(Pictures with short captions)
____

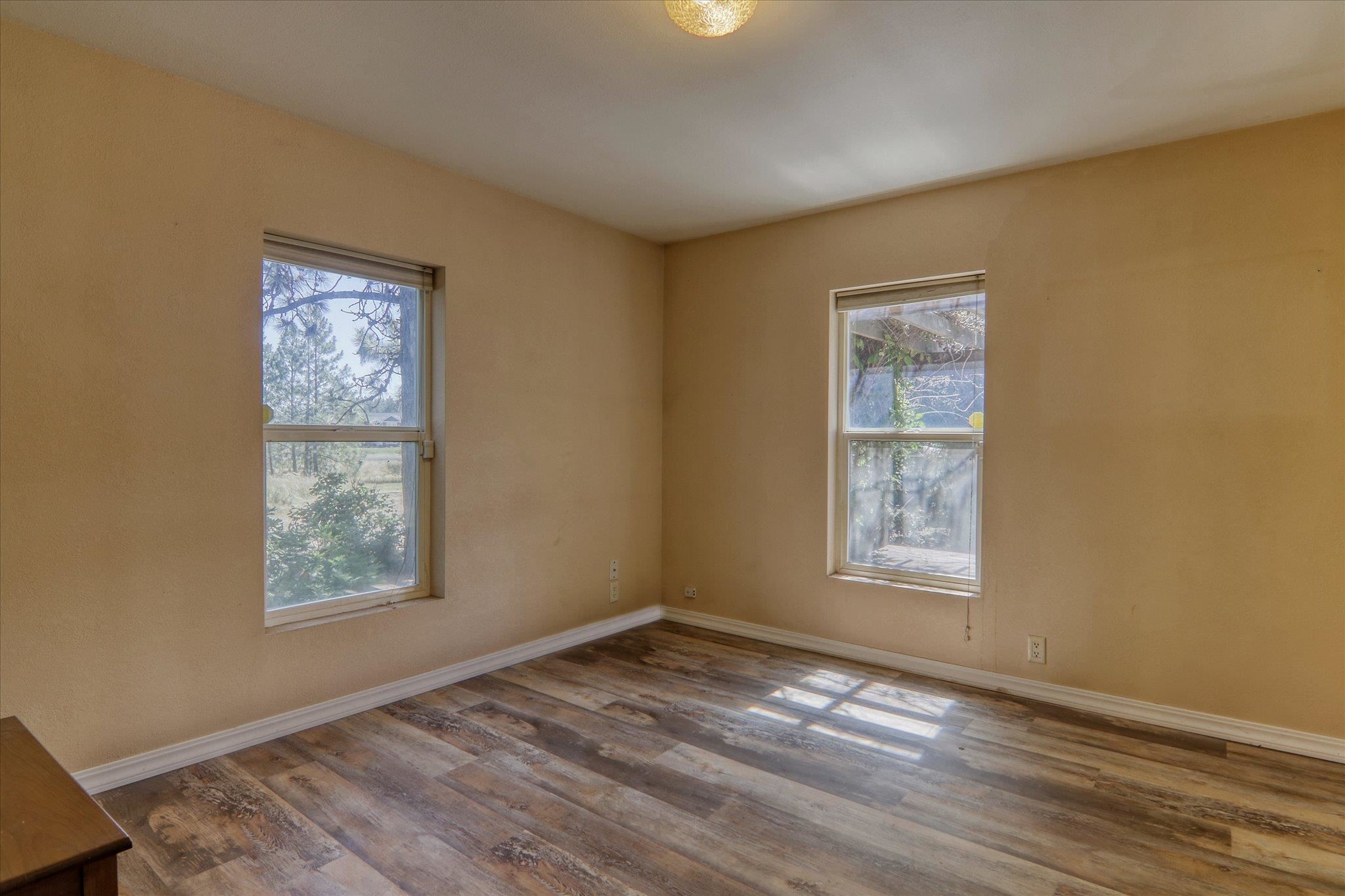 10010 South Sherman Road Spokane, WA 99224 - Photo 16 of 50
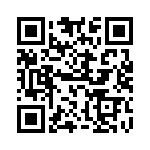 7105J21CQE32 QRCode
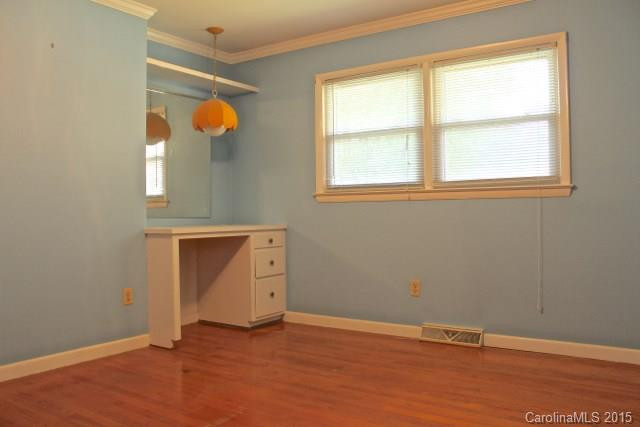 153 Brookwood Drive - Photo 12
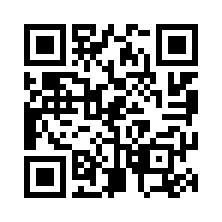 QR Code for bc1qqet05xv55ne52wljsrgq3c4l5jfcke8phpfl66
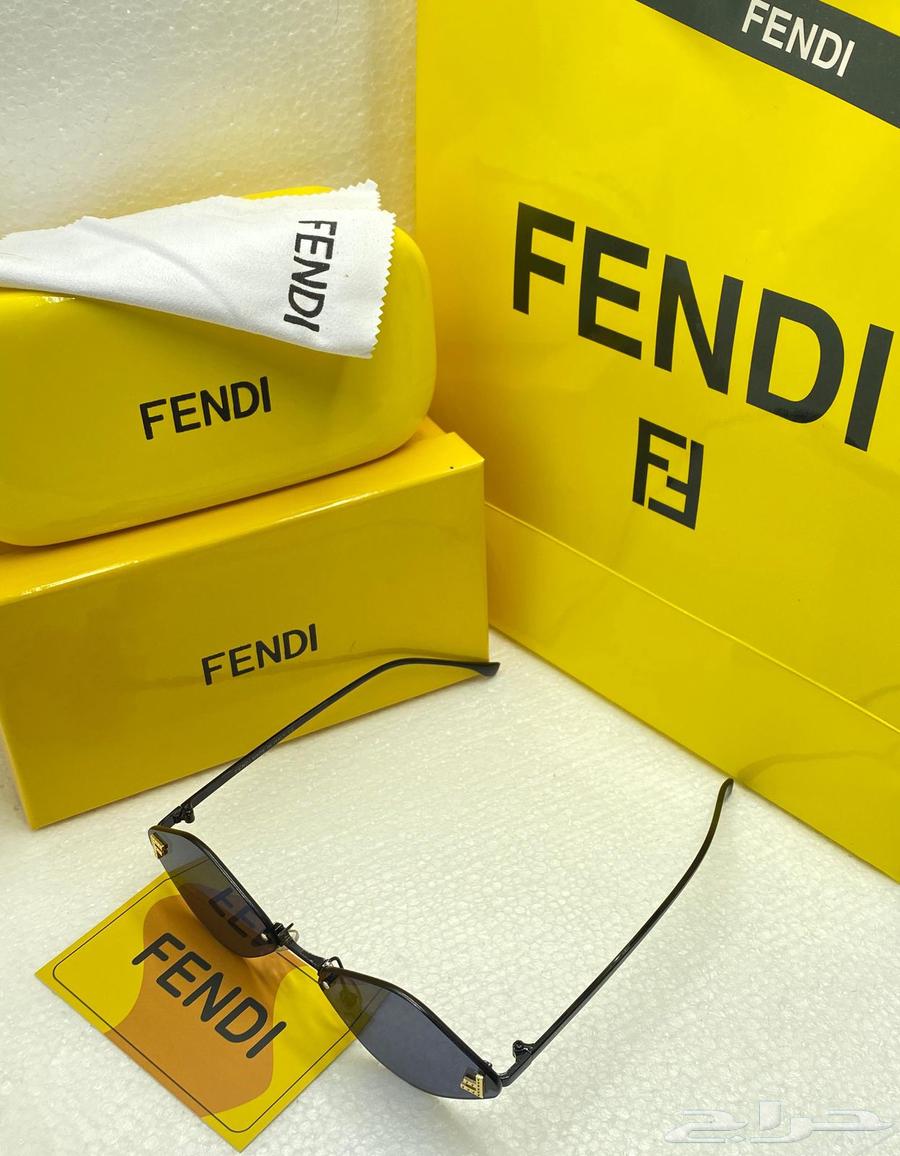 نظارات افندي64425623712257112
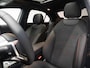 Mercedes-Benz A-klasse Limousine 180 Star Edition AMG Line Panorama dak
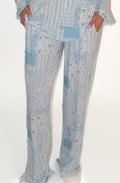 Daylight Drift - Pant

____

From the opening line of the entries above to the line containing "نظارات افندي64425623712257112", please transcribe each line exactly, skipping every picture.

 10010 South Sherman Road Spokane, WA 99224 - Photo 16 of 50
 7105J21CQE32 QRCode
 153 Brookwood Drive - Photo 12
 QR Code for bc1qqet05xv55ne52wljsrgq3c4l5jfcke8phpfl66
 نظارات افندي64425623712257112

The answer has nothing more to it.